Foto:Dok. Setpres BPMI
Jakarta, TM – Presiden Prabowo Subianto menginstruksikan agar dampak longsor dan banjir bandang yang menimpa tiga provinsi di Sumatra, yaitu Aceh, Sumatera Utara, dan Sumatera Barat pada Selasa (25/11), ditangani secara nasional dan menjadi prioritas nasional.
Hal tersebut disampaikan Menteri Koordinator Bidang Pembangunan Manusia dan Kebudayaan (PMK), Pratikno, dalam konferensi pers perkembangan penanganan bencana banjir Sumatra di Pangkalan TNI AU Halim Perdanakusuma Jakarta, Rabu (3/12).
“Presiden memberikan instruksi agar situasi ini diperlakukan sebagai prioritas nasional, termasuk jaminan bahwa dana dan logistik nasional tersedia secara penuh, secara total, salah satunya pada saat (masa) tanggap darurat ini menggunakan dana siap pakai,” ungkap Pratikno, dikutip dari tribatanews.polri.go.id.
Pemerintah diketahui telah menyalurkan 500 ribu ton lebih bantuan untuk warga terdampak banjir dan longsor di tiga wilayah tersebut. Bantuan mencakup paket sembako, makanan siap saji, perlengkapan kesehatan, selimut, dan kebutuhan dasar lainnya.

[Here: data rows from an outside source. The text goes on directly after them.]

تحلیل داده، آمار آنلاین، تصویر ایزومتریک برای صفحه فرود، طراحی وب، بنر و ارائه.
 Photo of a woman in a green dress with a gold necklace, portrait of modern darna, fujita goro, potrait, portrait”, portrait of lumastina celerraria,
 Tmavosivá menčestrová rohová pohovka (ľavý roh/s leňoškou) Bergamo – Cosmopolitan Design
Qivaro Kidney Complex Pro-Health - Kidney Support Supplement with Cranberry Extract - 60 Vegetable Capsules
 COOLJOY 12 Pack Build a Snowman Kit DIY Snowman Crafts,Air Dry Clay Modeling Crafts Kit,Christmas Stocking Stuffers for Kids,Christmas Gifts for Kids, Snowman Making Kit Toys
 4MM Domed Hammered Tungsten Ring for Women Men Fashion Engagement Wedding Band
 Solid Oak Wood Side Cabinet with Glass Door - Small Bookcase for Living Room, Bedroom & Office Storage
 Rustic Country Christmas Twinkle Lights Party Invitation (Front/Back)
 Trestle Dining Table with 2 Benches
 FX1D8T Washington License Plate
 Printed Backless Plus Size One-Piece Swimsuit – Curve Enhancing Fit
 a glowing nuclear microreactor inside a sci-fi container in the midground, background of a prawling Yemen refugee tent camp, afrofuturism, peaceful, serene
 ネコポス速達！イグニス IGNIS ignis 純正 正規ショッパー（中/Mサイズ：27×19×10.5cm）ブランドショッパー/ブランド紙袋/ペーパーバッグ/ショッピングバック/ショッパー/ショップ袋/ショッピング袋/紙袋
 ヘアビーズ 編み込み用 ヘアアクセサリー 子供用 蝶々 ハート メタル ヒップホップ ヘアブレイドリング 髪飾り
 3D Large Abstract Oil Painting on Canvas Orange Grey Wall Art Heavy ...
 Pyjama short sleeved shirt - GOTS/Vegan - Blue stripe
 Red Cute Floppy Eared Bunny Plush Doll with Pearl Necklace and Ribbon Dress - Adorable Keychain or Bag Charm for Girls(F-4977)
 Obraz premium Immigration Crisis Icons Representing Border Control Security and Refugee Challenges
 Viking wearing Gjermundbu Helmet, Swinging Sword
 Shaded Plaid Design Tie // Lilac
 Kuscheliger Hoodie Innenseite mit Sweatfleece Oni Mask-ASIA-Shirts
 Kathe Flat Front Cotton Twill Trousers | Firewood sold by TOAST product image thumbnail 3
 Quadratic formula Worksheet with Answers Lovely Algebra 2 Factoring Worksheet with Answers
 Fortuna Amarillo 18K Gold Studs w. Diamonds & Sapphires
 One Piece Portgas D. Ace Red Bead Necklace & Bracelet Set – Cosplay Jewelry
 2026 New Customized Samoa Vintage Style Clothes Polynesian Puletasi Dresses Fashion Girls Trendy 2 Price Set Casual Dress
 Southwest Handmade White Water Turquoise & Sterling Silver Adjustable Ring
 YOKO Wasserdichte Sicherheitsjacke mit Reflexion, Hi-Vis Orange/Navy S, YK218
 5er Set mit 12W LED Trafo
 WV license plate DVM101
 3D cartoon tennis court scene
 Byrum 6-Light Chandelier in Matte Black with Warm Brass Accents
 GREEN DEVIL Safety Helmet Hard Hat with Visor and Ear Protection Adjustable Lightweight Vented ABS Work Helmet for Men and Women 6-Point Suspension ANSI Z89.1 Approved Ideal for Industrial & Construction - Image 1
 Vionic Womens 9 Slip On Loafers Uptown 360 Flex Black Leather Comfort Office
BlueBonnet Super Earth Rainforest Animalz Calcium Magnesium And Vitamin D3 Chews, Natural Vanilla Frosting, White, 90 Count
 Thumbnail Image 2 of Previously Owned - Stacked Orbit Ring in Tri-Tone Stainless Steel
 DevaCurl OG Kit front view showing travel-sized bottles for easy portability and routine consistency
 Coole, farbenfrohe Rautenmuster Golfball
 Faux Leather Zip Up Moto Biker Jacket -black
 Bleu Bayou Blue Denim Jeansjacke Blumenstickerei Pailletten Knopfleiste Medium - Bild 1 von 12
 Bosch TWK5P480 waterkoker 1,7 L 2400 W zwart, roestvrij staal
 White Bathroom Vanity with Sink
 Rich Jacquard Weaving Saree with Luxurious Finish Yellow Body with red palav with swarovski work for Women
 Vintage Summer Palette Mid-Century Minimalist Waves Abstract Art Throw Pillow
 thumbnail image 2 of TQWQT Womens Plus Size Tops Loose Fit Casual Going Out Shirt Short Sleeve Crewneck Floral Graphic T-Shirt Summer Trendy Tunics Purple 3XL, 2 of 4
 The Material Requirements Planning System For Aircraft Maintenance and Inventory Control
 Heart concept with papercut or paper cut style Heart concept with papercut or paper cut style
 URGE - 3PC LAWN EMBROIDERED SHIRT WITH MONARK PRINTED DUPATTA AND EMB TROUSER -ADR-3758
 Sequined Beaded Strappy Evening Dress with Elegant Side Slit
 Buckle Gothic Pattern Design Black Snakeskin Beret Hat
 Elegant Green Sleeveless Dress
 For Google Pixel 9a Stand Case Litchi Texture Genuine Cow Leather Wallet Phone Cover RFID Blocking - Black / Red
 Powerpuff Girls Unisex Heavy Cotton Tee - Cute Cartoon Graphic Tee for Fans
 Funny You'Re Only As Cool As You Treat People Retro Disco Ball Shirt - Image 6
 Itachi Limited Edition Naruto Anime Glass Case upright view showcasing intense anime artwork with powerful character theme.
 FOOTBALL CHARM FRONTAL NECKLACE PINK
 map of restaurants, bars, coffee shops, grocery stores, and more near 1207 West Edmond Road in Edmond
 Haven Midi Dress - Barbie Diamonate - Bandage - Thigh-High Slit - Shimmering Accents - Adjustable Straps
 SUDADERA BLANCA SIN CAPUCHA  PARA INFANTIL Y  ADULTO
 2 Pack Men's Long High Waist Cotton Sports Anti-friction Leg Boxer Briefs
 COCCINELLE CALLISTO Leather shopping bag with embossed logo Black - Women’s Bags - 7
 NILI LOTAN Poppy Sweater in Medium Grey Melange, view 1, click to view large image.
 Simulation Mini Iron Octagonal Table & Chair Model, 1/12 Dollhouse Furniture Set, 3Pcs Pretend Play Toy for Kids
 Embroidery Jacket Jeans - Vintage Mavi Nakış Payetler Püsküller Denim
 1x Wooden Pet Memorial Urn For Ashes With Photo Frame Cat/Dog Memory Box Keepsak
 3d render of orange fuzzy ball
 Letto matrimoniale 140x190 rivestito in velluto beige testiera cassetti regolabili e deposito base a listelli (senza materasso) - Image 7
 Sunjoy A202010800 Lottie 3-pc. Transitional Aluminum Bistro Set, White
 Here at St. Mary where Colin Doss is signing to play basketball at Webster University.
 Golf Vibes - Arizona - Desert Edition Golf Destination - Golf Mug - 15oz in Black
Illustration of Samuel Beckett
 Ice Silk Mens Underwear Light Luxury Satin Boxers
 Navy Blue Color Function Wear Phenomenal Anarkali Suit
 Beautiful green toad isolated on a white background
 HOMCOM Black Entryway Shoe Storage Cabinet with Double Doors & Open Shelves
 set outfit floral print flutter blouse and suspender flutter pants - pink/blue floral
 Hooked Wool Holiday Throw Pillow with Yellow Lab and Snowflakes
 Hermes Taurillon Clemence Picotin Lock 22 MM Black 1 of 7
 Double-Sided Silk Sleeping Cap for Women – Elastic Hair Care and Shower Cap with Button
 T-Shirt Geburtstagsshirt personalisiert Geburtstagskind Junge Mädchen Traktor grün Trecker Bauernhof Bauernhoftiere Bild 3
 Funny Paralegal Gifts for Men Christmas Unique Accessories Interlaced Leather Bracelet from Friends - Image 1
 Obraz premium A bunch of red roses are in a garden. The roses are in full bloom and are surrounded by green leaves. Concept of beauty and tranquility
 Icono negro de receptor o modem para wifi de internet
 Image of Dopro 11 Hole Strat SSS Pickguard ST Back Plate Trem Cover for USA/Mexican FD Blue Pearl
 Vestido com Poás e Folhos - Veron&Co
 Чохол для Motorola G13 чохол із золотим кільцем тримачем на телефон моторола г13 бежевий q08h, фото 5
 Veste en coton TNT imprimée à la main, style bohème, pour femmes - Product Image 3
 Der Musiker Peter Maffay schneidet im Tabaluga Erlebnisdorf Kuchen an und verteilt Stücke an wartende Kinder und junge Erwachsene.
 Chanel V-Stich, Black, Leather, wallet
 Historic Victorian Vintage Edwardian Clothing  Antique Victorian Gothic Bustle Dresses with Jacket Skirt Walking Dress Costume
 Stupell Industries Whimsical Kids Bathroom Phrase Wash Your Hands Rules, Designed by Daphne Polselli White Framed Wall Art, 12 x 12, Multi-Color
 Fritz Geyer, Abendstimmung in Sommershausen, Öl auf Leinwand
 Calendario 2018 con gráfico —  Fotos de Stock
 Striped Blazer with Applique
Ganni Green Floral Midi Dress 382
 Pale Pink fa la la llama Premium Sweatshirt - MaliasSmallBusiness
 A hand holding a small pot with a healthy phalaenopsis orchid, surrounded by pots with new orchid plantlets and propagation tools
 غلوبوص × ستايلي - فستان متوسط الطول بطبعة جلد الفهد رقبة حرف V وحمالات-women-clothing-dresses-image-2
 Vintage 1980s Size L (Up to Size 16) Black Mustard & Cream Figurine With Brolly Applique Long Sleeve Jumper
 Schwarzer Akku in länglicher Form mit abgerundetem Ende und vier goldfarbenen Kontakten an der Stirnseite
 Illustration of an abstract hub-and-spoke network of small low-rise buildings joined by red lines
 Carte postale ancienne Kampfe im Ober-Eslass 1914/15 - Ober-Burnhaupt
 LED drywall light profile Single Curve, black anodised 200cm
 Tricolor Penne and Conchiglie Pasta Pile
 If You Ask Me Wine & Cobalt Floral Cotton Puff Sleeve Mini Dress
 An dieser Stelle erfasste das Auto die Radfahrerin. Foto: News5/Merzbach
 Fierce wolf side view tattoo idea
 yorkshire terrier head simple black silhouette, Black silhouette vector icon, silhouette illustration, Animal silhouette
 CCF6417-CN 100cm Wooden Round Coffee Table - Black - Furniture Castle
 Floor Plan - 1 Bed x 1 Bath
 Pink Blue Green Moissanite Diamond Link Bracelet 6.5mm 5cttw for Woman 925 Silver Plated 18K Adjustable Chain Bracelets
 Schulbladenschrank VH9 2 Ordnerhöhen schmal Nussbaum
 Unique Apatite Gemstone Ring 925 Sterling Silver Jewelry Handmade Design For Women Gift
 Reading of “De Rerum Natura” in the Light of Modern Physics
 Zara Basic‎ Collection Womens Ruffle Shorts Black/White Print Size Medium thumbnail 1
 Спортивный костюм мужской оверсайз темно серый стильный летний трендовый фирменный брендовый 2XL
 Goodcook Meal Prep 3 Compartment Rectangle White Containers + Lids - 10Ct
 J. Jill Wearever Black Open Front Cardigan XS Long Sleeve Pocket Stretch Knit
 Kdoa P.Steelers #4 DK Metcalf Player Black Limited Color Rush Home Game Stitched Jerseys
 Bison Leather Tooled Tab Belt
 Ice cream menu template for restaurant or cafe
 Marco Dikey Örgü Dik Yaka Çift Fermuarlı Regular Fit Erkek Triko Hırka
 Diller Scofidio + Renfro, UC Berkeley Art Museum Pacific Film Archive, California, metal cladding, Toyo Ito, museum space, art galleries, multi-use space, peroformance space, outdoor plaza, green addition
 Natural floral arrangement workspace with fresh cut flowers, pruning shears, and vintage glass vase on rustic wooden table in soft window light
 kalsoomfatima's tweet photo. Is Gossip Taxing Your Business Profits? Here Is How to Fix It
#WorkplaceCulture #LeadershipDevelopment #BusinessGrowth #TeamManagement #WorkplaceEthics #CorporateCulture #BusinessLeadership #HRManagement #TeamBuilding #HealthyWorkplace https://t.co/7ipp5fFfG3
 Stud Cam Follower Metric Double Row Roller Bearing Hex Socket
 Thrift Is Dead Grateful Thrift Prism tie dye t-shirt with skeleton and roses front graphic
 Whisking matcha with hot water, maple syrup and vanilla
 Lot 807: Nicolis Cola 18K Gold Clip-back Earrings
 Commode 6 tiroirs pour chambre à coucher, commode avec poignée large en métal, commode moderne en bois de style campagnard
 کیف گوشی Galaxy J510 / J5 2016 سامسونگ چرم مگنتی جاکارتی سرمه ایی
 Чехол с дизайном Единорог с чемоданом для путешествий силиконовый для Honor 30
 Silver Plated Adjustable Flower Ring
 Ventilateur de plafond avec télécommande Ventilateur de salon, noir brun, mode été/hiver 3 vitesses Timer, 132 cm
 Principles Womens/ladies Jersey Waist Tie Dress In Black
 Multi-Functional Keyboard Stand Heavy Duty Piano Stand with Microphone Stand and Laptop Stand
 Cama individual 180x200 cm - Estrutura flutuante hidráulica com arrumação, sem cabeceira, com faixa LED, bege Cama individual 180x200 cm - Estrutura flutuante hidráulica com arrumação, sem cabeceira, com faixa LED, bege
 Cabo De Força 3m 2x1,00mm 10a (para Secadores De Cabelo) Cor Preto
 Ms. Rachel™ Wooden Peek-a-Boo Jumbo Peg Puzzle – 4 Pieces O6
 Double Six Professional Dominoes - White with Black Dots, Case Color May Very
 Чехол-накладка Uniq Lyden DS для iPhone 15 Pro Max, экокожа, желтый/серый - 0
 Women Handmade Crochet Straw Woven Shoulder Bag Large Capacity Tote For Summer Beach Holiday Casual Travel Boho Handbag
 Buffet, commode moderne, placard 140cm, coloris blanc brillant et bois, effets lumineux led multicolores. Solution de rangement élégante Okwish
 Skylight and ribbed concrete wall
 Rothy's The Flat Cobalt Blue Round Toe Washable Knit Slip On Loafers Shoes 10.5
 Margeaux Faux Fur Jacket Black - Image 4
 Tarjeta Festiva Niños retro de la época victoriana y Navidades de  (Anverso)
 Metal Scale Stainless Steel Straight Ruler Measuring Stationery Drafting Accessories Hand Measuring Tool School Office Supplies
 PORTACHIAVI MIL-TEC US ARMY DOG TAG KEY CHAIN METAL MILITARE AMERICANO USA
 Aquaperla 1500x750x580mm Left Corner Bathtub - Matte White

Dalam kesempatan yang sama, Sekretaris Kabinet Teddy Indra Wijaya menyatakan selain cuaca ekstrem, kerusakan lingkungan menjadi salah satu faktor yang memperparah dampak banjir bandang dan longsor.
Ia menegaskan seiring dengan penanganan dampak bencana dan penyelamatan warga terdampak, pemerintah juga mengevaluasi dan menyelidiki secara menyeluruh kerusakan lingkungan yang ada di tiga provinsi tersebut.
“Pemerintah melakukan evaluasi dan investigasi secara menyeluruh terkait bencana ini,” kata Teddy.
Baca Juga: Presiden Prabowo Tinjau Banjir di Sumatera, Pastikan Langkah Darurat Tepat Sasaran
Mengutip antaranews.com, Badan Nasional Penanggulangan Bencana (BNPB), dalam laman resminya, melaporkan jumlah korban jiwa akibat banjir bandang dan longsor di Sumatra per Rabu mencapai 804 jiwa, sementara 634 jiwa masih dinyatakan hilang.